“You don’t get what you deserve. You get what you negotiate,” says author, Chester Karrass.
And, unfortunately, it’s true. Employers aren’t going to pay more for our amazing skills, personalities, experience and overall value unless we are willing to ask for it, which is a skill in itself.
Negotiating can be tricky if you’ve never done it before and if you don’t have decades of experience in your career. But you should definitely give it try so that you can actually get what you deserve for your skill set.
Financial expert, journalist, speaker and author, Farnoosh Torabi, wrote a column for Business Insider providing nine pieces of financial advice from her career.
In the first, she quoted Karrass. She said that, in 2006, she was changing jobs. At the time, she said she was earning about $45,000 as a producer and occasional on-camera reporter. She was up for a job as senior video correspondent for TheStreet.com.
“And, crazy as it sounds, I asked to more than double my salary with the new gig. I asked for $100,000,” Torabi wrote in her column. “My manager offered $85,000 (which would have been an incredible raise!). But I replied, ‘How about we agree to $90,000 right now and I don’t bother you in six months?’ Next thing I heard? ‘We’ve got a deal. Welcome to TheStreet!'”
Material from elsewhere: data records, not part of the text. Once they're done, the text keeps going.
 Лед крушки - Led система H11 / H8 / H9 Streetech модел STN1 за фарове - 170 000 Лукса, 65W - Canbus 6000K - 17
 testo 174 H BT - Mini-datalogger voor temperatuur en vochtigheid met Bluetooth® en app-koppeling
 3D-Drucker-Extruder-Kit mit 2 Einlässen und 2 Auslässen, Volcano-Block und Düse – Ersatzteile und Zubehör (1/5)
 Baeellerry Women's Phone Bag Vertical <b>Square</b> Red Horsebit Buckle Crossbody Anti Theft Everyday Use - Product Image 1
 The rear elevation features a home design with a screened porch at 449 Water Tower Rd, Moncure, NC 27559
Prior to making this request, though, Torabi probably looked up what senior video correspondents actually make. Depending on the company, some might make close to $100,000, but that was probably a high-ball number. Though she didn’t know it, roughly $80,000 to $90,000 may have been the market rate for a job like, so even though her first asking rate was high, her future employer wasn’t totally blown away, according to Forbes.
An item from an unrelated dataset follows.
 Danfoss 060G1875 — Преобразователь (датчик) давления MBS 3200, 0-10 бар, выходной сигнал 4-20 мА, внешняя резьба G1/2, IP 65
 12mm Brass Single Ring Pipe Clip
More importantly, though, Torabi was confident in asking for that amount of money. Her skill set probably made her worth the amount she requested and, because TheStreet.com is based in New York City, she probably also factored in what could actually help her live comfortably.
If she hadn’t been as confident, Torabi may have walked away with tens of thousands of dollars less than the big number she asked for.
Though Torabi describes her experience as kind of random and off-the-cuff, her nonchalance made her look like a strong negotiator and someone whose expertise really was worth close to $100,000. And, before she knew it, she was making 50 percent more than she had at her previous job.
Want more? Here’s 5 negotiation tips:
1. Do Your Research
This should be a no-brainer, but I’ve experienced countless interviews and negotiations where the other person has no idea what they want, what the company is hiring for, and what the salary range may be.
2. Listen & Solve Their Problems
Sure you boss asks you what your goals are during your periodic review. But have you ever asked them what they hope to accomplish this year? Try it, and see what they say.
Sometimes, the challenges they face are things you can help solve. If you offer to help, or learn something new to relieve a burden of theirs, this immediately makes you more valuable as an employee, and show you’re a team player.
3. Give Them Time
Of course, everyone wants an answer right away. But often, there’s a chain of command and approvals that need to be addressed before an answer can be given. Practice patience and give them a few days to come back with a counter offer (or acceptance).
4. Have A Bottom Line
Occasionally, you can’t come to an agreement on a price. If you know your bottom line, you won’t stall or waste time trying to decide if you’ll settle. You’re worth it, don’t settle for anything less than your bottom line.
5. Understand Money Isn’t Always The Answer
Maybe your boss doesn’t have the flex room in her budget to give you a pay raise. But how about a few extra days of vacation, the ability to work from home one day a week, or working 4 ten-hour days instead of 5 eight-hour days?
Many companies are coming to understand and respect the work-life balance. This may just play in your favor better than you’d hoped. Recognize what other perks can motivate you, and use those as bargaining chips.